# [WHAT YOU ARE ASKED TO DO]
Reproduce the lines below exactly, from the one containing "Pa Nutrition Facts Hooded Sweatshirt tile" through the one containing "Sunday t-shirt Bright Orange", both included. Leave out any pictures.

# [SUPPLIED MATERIAL]

********************

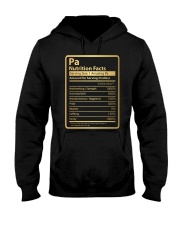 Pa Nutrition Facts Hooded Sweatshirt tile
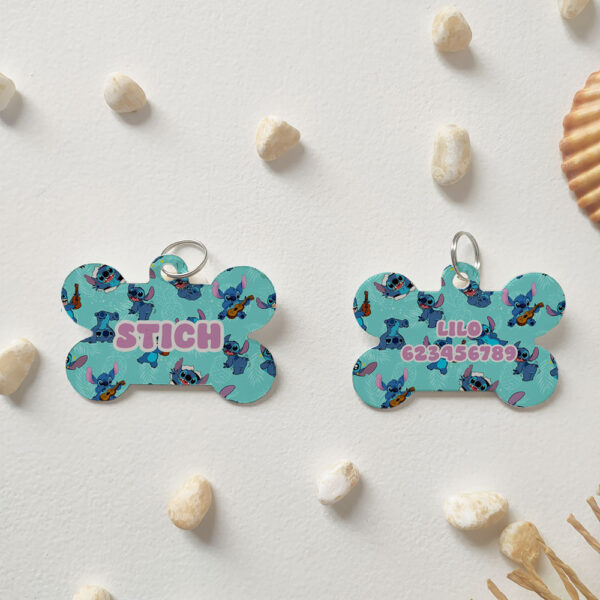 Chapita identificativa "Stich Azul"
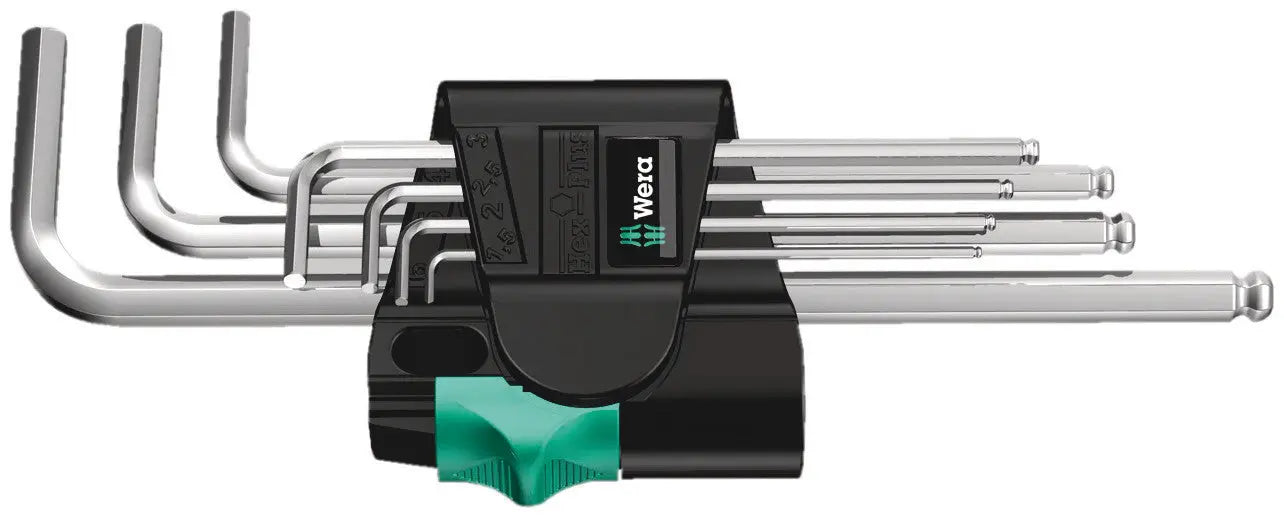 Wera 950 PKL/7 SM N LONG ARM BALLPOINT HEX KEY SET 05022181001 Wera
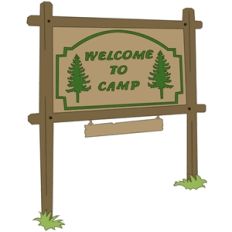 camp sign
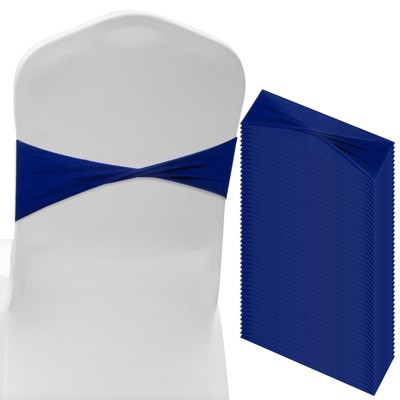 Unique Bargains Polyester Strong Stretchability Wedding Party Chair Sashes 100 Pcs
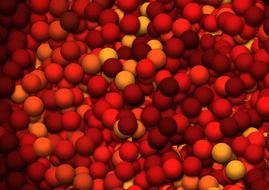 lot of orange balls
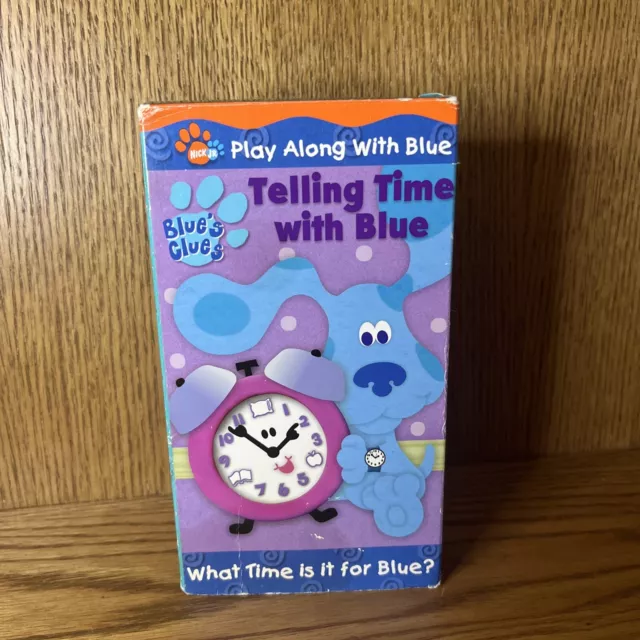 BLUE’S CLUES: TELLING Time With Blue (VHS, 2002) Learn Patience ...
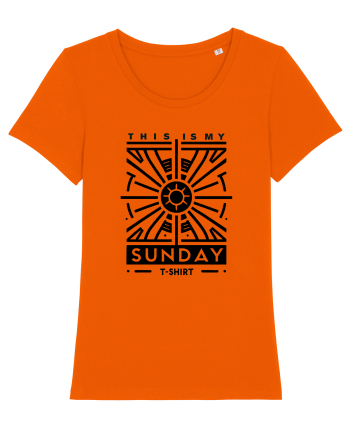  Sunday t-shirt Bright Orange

********************

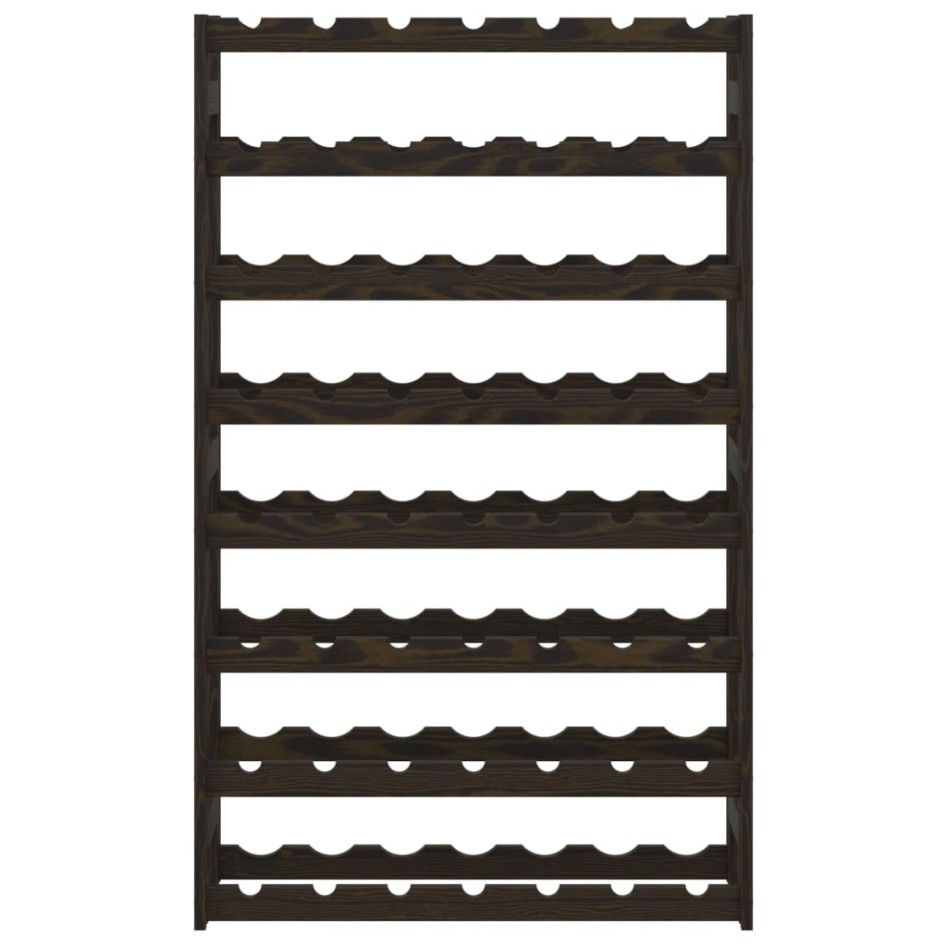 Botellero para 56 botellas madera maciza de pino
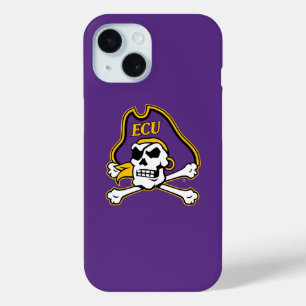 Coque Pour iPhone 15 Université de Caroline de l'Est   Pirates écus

********************

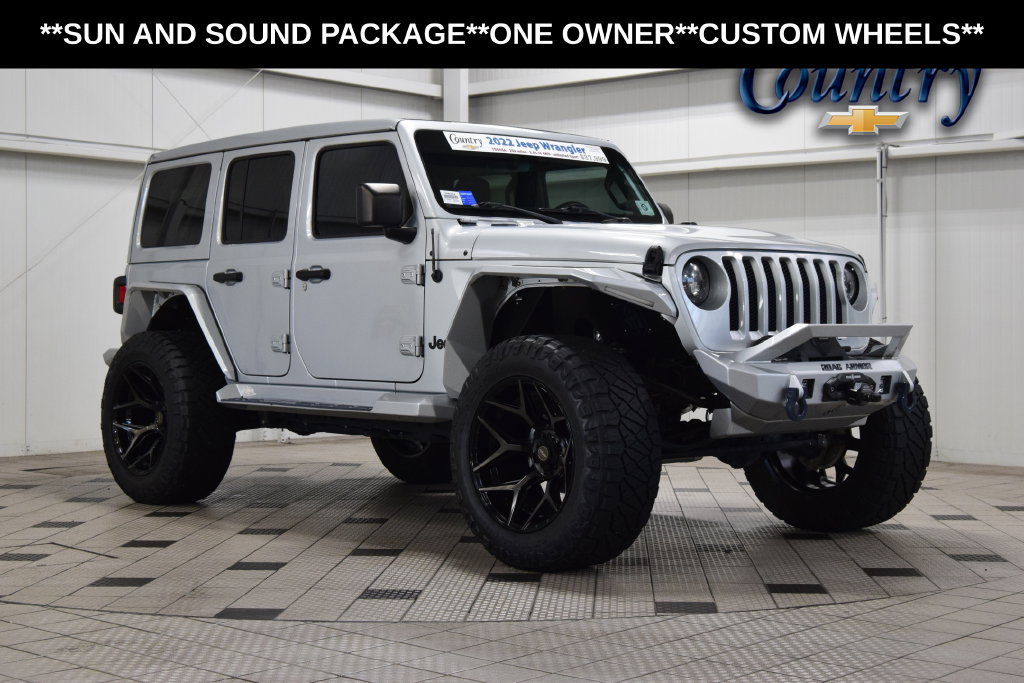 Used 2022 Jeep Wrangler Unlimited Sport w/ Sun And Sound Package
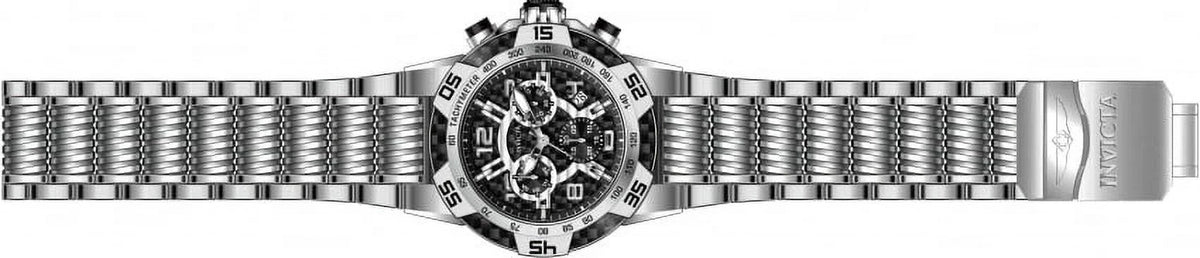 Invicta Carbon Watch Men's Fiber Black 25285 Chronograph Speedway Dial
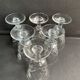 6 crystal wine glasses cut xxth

********************

# [OUTPUT OF THE TASK]
 Pa Nutrition Facts Hooded Sweatshirt tile
 Chapita identificativa "Stich Azul"
 Wera 950 PKL/7 SM N LONG ARM BALLPOINT HEX KEY SET 05022181001 Wera
 camp sign
 Unique Bargains Polyester Strong Stretchability Wedding Party Chair Sashes 100 Pcs
 lot of orange balls
 BLUE’S CLUES: TELLING Time With Blue (VHS, 2002) Learn Patience ...
  Sunday t-shirt Bright Orange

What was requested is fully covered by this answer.